▶ [Source material]
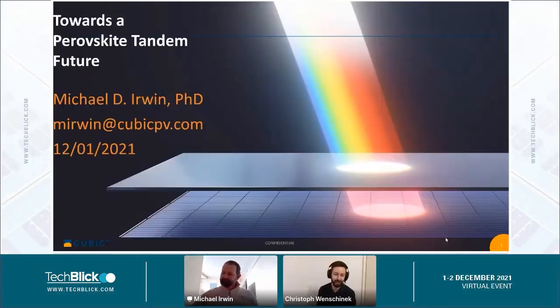It's my pleasure to introduce Michael Irwin from CubicPV. Michael actually has multiple duties at CubicPV — he's founder, senior vice president, and CTO. Today he will tell us about their technology and how they improve stability and efficiency for large area cells. Michael, over to you.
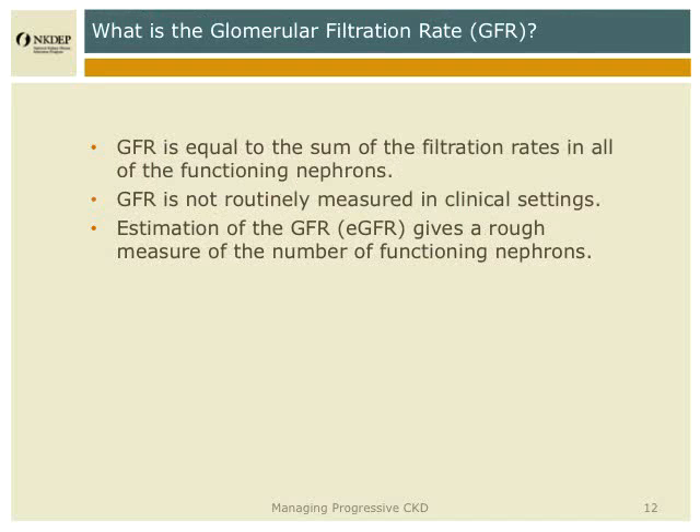We assess kidney function by glomerular filtration rate. The way I explain this to patients is that the kidney is a filter — like the filter you put in a truck — but it's not one big filter. Each kidney is made up of a million filtering units, a million nephrons, and they tend to get damaged one by one. If we can estimate how well the kidney is filtering, we can get a rough idea of the number of functioning nephrons. If the GFR is 50% of normal, that suggests that about 50% of the nephrons are still functioning.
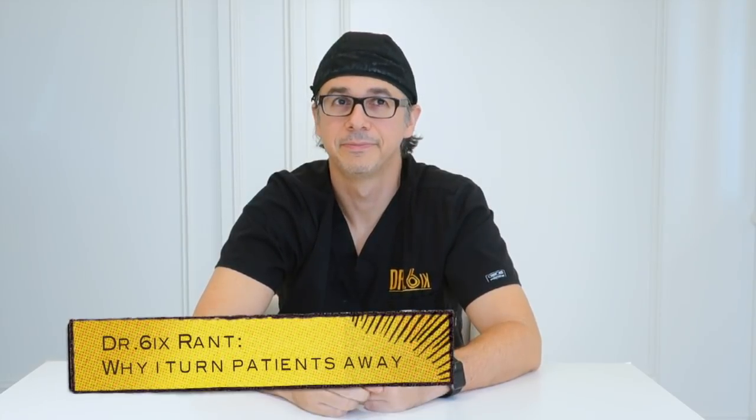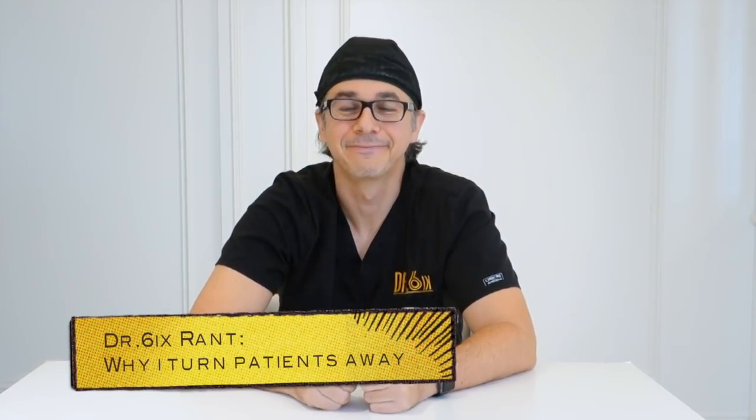We make money when we operate, so if I turn somebody away, I'm not making money. I'm doing it because I really believe that is the right thing to do. Hey guys, welcome to this week's 6RANT. This week, I want to talk about patients that get turned away from surgery.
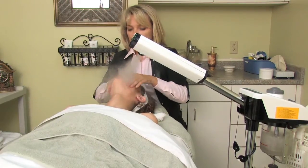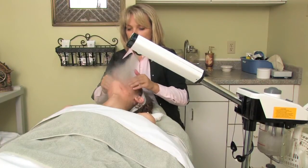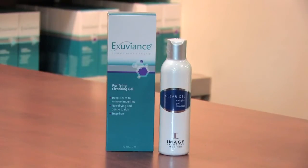Other treatment options include facials, which help to steam open the pores and cleanse them out. In addition, you'll want to use some appropriate cleansers to help treat your skin, such as a cleanser with salicylic acid to help exfoliate the layers, or benzoyl peroxide, which can help kill the bacteria.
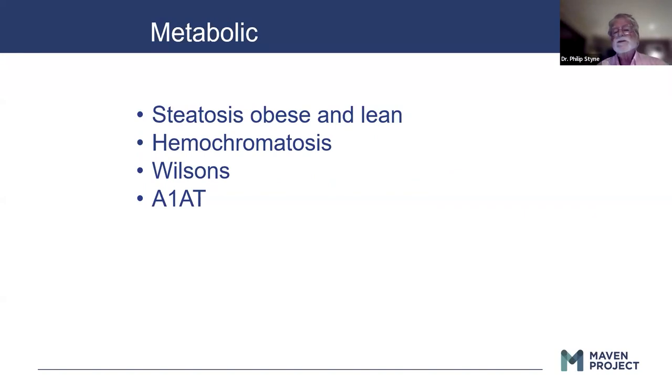Metabolic: steatosis is common in patients who are overweight, but also seen in some lean patients. Hemochromatosis is a really common entity — iron overload — if we look for it. Wilson's disease, fortunately pretty uncommon, can cause severe liver disease with lots of different presentations, including in the pediatric age group. Alpha-1 antitrypsin can affect both liver and lung and is fairly easy to diagnose with blood tests.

▶ [Task description] Write the full listing out again with every line unchanged, but include no pictures.

▶ [Output of the exercise]
It's my pleasure to introduce Michael Irwin from CubicPV. Michael actually has multiple duties at CubicPV — he's founder, senior vice president, and CTO. Today he will tell us about their technology and how they improve stability and efficiency for large area cells. Michael, over to you.
We assess kidney function by glomerular filtration rate. The way I explain this to patients is that the kidney is a filter — like the filter you put in a truck — but it's not one big filter. Each kidney is made up of a million filtering units, a million nephrons, and they tend to get damaged one by one. If we can estimate how well the kidney is filtering, we can get a rough idea of the number of functioning nephrons. If the GFR is 50% of normal, that suggests that about 50% of the nephrons are still functioning.
We make money when we operate, so if I turn somebody away, I'm not making money. I'm doing it because I really believe that is the right thing to do. Hey guys, welcome to this week's 6RANT. This week, I want to talk about patients that get turned away from surgery.
Other treatment options include facials, which help to steam open the pores and cleanse them out. In addition, you'll want to use some appropriate cleansers to help treat your skin, such as a cleanser with salicylic acid to help exfoliate the layers, or benzoyl peroxide, which can help kill the bacteria.
Metabolic: steatosis is common in patients who are overweight, but also seen in some lean patients. Hemochromatosis is a really common entity — iron overload — if we look for it. Wilson's disease, fortunately pretty uncommon, can cause severe liver disease with lots of different presentations, including in the pediatric age group. Alpha-1 antitrypsin can affect both liver and lung and is fairly easy to diagnose with blood tests.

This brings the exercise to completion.